Despedí 2019 en Palma de Mallorca. A escasos cuatro kilómetros del Estadi de Son Moix. Y pensé que aquello no podía ser casualidad. Sentí que alguien más había arrancado el 2020 de aquella forma: pensando en aquel sitio, incluyéndolo en su balance anual. Y me acordé del Dépor. Hasta hace no demasiadas semanas, él también seguía allí, en Camí dels Reis. Prácticamente, a decir verdad, hasta que Peru Nolaskoain abrazó al recogepelotas y le explicó que sí, que ya estaba bien de tantas decepciones, que de despedir colistas el año, mejor hacerlo con un último mini sorbo de optimismo, de ¿y si…?
Cuando a uno le ocurre un suceso de cierta magnitud, algo que le marca, piensa en el lugar de los hechos una y otra vez. Analiza cómo pudo ocurrir, cómo se podría haber evitado. En función de la personalidad, de la fortaleza mental y de muchos otros factores, hay quien pasa página, quien olvida la decepción y se centra en el siguiente reto. Sin embargo, por H, por B, por la configuración de la plantilla, por la ocasión de Pablo Marí, por una serie de resultados negativos seguidos… Hay quien es incapaz, quien entra en bucle y de ahí no sale.
En los últimos años, el Dépor no ha sabido salir de sus propios bucles, no ha sabido dar tres pasos hacia delante de manera continuada, sin tropezar, sin angustia. Para llegar al play-off tuvo que obrar un milagro, alinear astros, mirar de reojo a Extremadura. Que sí, que es igual de válido, no obstante, el resultado a veces -y solo a veces- explica muchas cosas. Entre ellas, por ser benévolos, que la liga de Segunda es difícil, que con el tope salarial no basta, que en noviembre no asciende nadie. Y, sobre todo, que hay que acertar con las piezas… Tópicos que cobran sentido cuando la pelota no entra.
En la previa del Deportivo – Mallorca de play-off, alguien dijo una frase en los aledaños de Riazor que recordaré para siempre: «El que pierda esta eliminatoria recibirá un golpe brutal que le va a condicionar su próxima temporada». El emisor era un inconsciente cuando pronunció aquellas palabras. Afirmó lo evidente, supongo que esperando una derrota del Mallorca, un equipo recién ascendido de Segunda B, sin continuidad en la categoría de plata… Lo que quizá no contempló, o sí, fue si caía el Dépor, si era el equipo coruñés el que se quedaba un año más en Segunda. Porque, ¿cómo iba a luchar al curso siguiente por no descender? Era impensable. Si venía de Primera, si en los dos últimos descensos había regresado a Primera ya al curso siguiente.
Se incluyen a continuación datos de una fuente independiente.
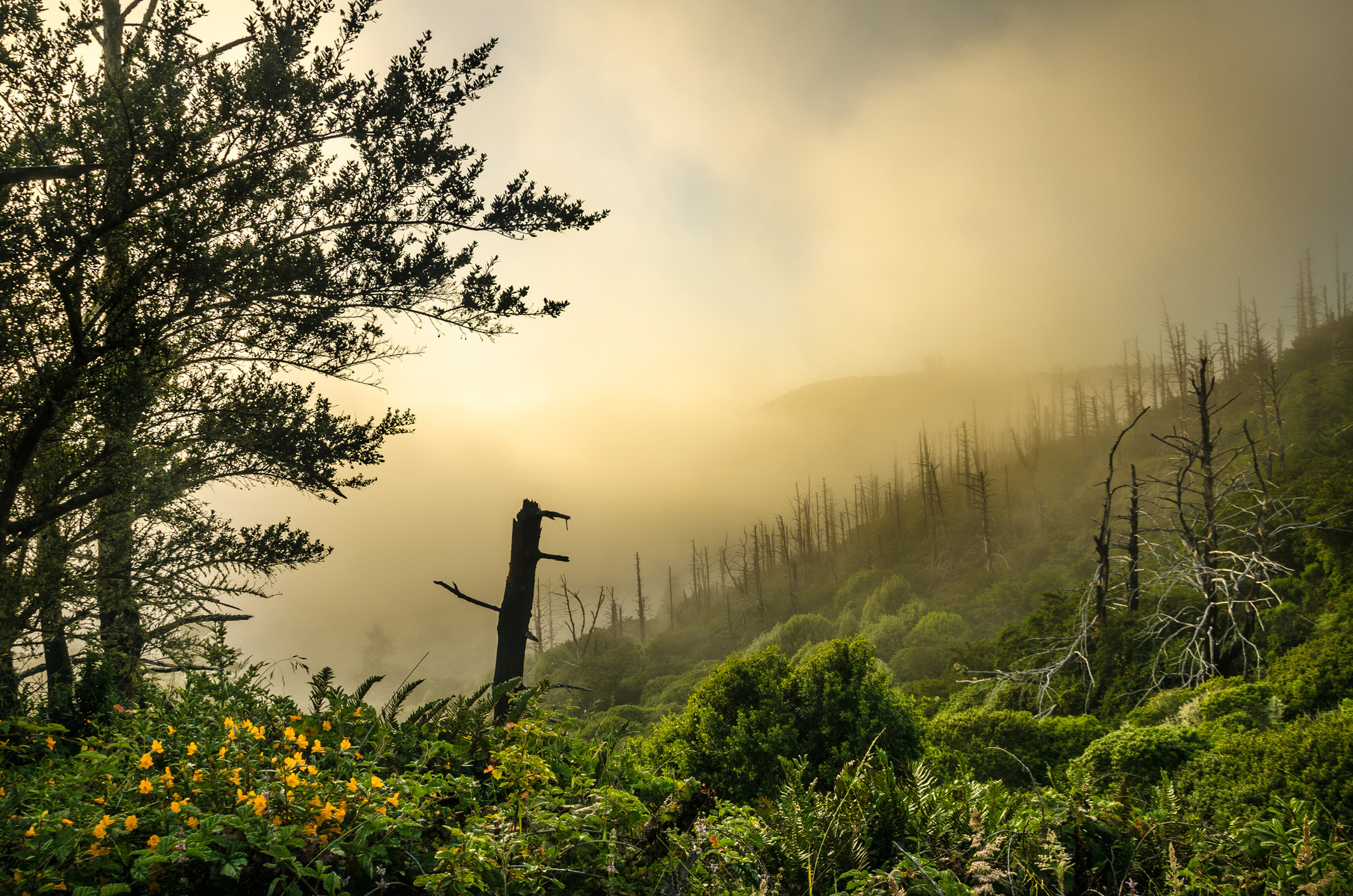 Point, Reyes, National, Seashore, California, Landscape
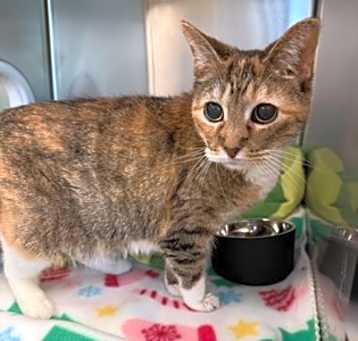 Photo of Ms. Kitty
Pero el fútbol no entiende de lógica, y al final pasó. Pasó lo que podía pasar, en 2019 salió cruz. Y la frase de aquel chico cobró más sentido que nunca. El «puede que no volvamos a vernos en una igual» de Vicente Moreno en la previa del partido cambió de bando; en los últimos tiempos pasó a sentirlo como propio algún que otro deportivista. Alguno que ahora quiere creer que ya no, que algo de vida aún queda, que el enfermo late y su doctor sabe cómo calmar a la familia. Al menos emocionalmente.
Seguro que hay mejores entrenadores en el mercado. Sin embargo, en este momento, quizá no haya ninguno capaz de enganchar y exprimir tan bien a una afición tocada como Fernando. Bastó una sonrisa suya hacia la grada en su primer entrenamiento para entender que el Dépor no firmaba a un técnico cualquiera, firmaba a una extensión de su grada. Medio centenar de aficionados acudiendo a una sesión de entrenamiento 10 días después de que Riazor registrase su peor entrada en mucho tiempo (8.000 espectadores), niños que no levantaban un palmo del suelo gritando que corriese la banda…
Es fútbol, con todo lo que ello conlleva, que no es poco ni debe pasar desapercibido, pero en lo anímico, el deportivismo necesitaba a un agitador. A un señor que lamiese sus heridas y dijera que «es posible aunque parezca que no». Porque si vas a bajar al infierno, qué mejor que hacerlo con uno de los tuyos. De las razones o errores que te han traído hasta aquí ya hablaremos otro día. Es momento de remar. Todos a una. Benvido, Fernando.